Sunday, January 24, 2010

I have been struggling with a research assignment for my husband – to figure out exactly which member of the Torlonia family was Duke of Bracciano in 1832 – and the effort has eaten rather severely into blogging time. The Italian Wikipedia finally cracked it – I should have thought of them sooner. My husband doesn’t use the Internet, but appreciates it, and has assignments for me which seem to multiply by the day.

However, there’s not much to report here anyway. I joined in a 5th ball of yarn to the Grandson Sweater yesterday, and decided that the percentages in the Progress Bar were altogether too cautious. I bought 15 balls of white, and started off by assuming I’d use all of them. I now think ten will be plenty, and have adjusted accordingly.

I think I’ll take today off and wind yarn and maybe cast on for Rachel-the-Younger’s ear-flap hat. The pattern begins with a couple of inches which get folded under to make a hem – that’s where I got in trouble last time, trying to pick up stitches from the cast-on edge to knit the hem in place on the fly, so to speak.

My idea this time is to knit the inside portion in a bright colour which will peep out. I can’t find a true red, but I’ve got a nearly-red which should do the trick. The main body of the hat will be in a browny Araucania Multi. As for the hem, we’ll see.


Shandy (comment yesterday), I like the idea of objects to encapsulate history a lot, although I have an innate prejudice against archaeology in favour of the written word. We heard only one of Neil Macgregor’s broadcasts last week, the hand-axe, and it was good. I find I can record the programmes on our television set, and I thought we could listen to them after we have watched “Neighbours” and the news, but my husband prefers something visual. I’ll have to listen here in the morning on my computer, while composing my prose.

Today is Greek Helen's birthday. She avoided coinciding with The Poet by a mere half-hour.


  1. Anonymous11:09 AM

    Why not try a provisional cast on for the ear flap hat, makes it so much easier to pick up stitches to join for a hem.
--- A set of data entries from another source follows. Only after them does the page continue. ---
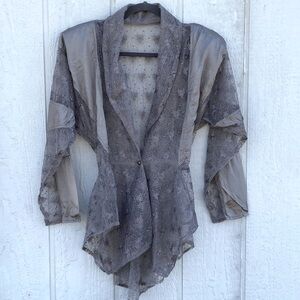 1980s Italian Deadstock Embroidered Net Tulle Fancy Peplum Jacket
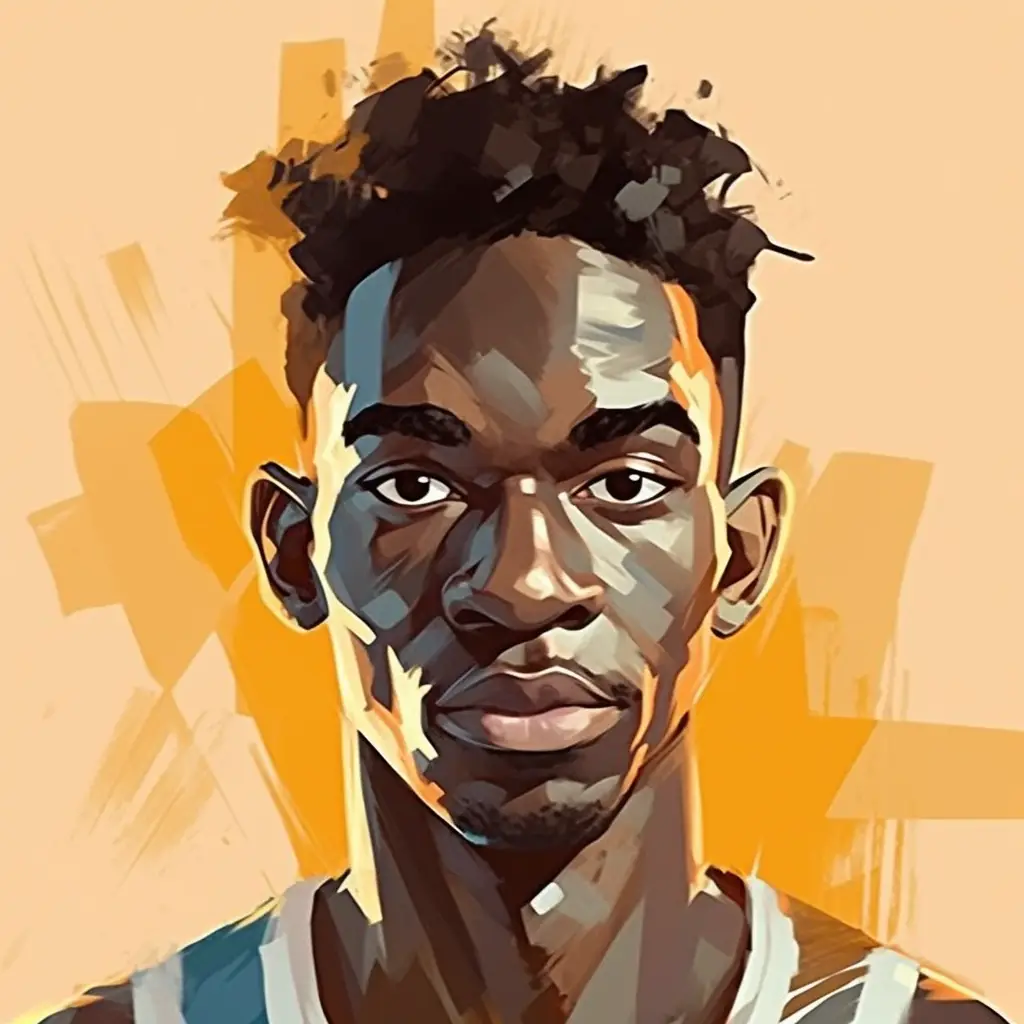 basketballer hoopman player hoopster African cartoon illustration painting face portrait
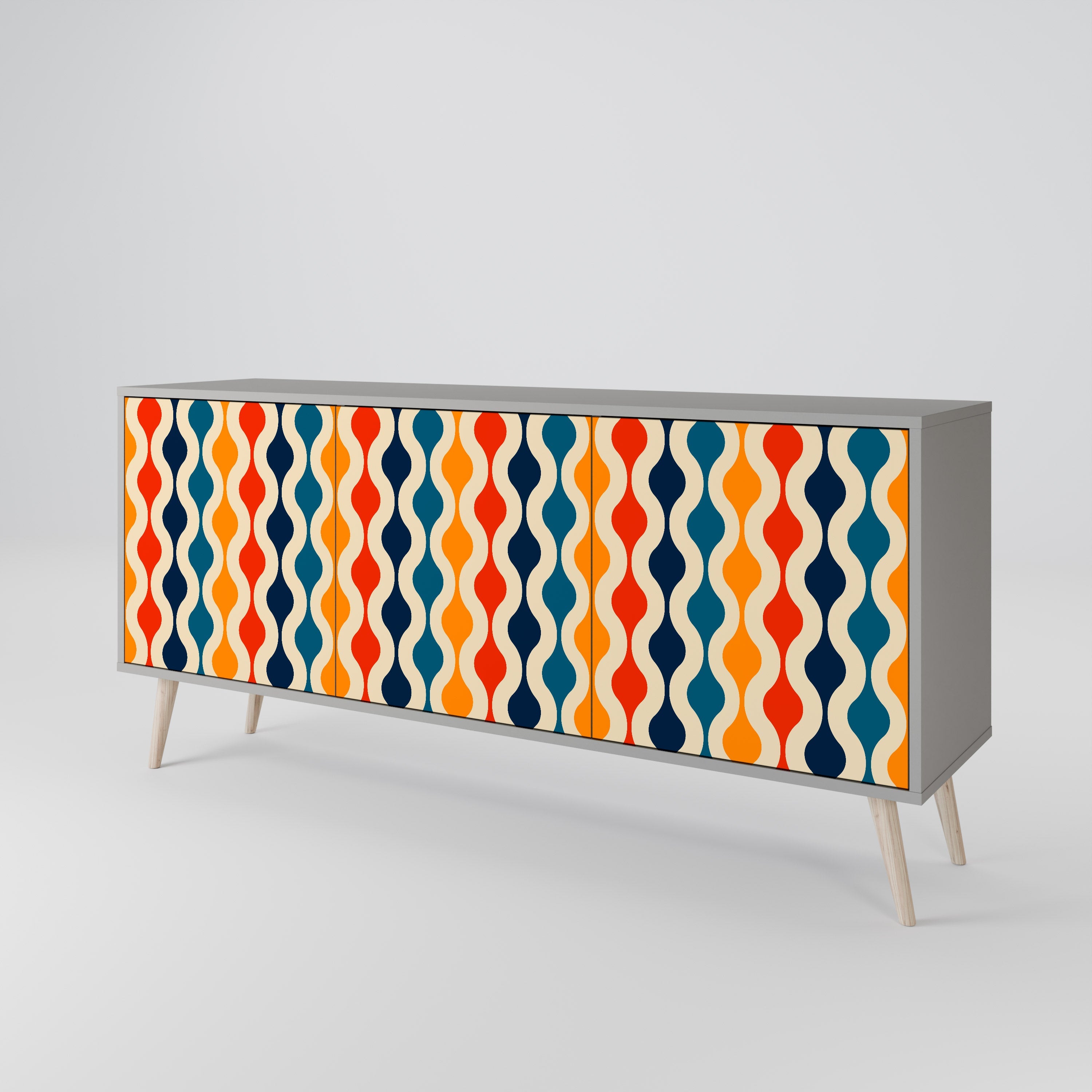 COLORFUL NOSTALGIA 3-türiges Sideboard in grauer Ausführung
I'm in the throes of a series of top down sweaters for 3 generations of our family (Dad, husband & grandson, so covering 4 generations I guess!) & have found a crochet provisional cast on a very useful thing for crew necks. I find sewing down hems etc considerably less satisfactory, much easier to get the tension right when knitting together, and anyway I'm not keen on sewing things up generally!


  2. I also enjoyed the broadcast on the handaxe, and the convenience of listening to it at leisure on the i-player. However, what puzzles me is the assemblage of artifacts, some totally utilitarian and others with a symbolic function. Easy to estimate significance for the earliest items and much harder later, when even what constitutes history might be a matter for debate.

  3. I agree with Christine. A provisional cast on will make the hem easier to construct. I did that with the Rogue sweater and it made a really nice hem.

  4. =Tamar8:56 AM

    My only experience with knitting a double brim is first, knitting up from the brim to the crown, and then picking up a round inside and knitting down, finally casting off together with the cast-on row. That required picking up the bar between the stitches and finally knitting together with the bar between the cast-on stitches. To knit a folded brim on the fly, I'd have to knit into the upside-down original stitches - tricky but possible.

    I suppose I'd knit double-layer earflaps first and then knit upward, doubleknitting the brim, but then why stop with a double brim when you could have the entire hat double thick?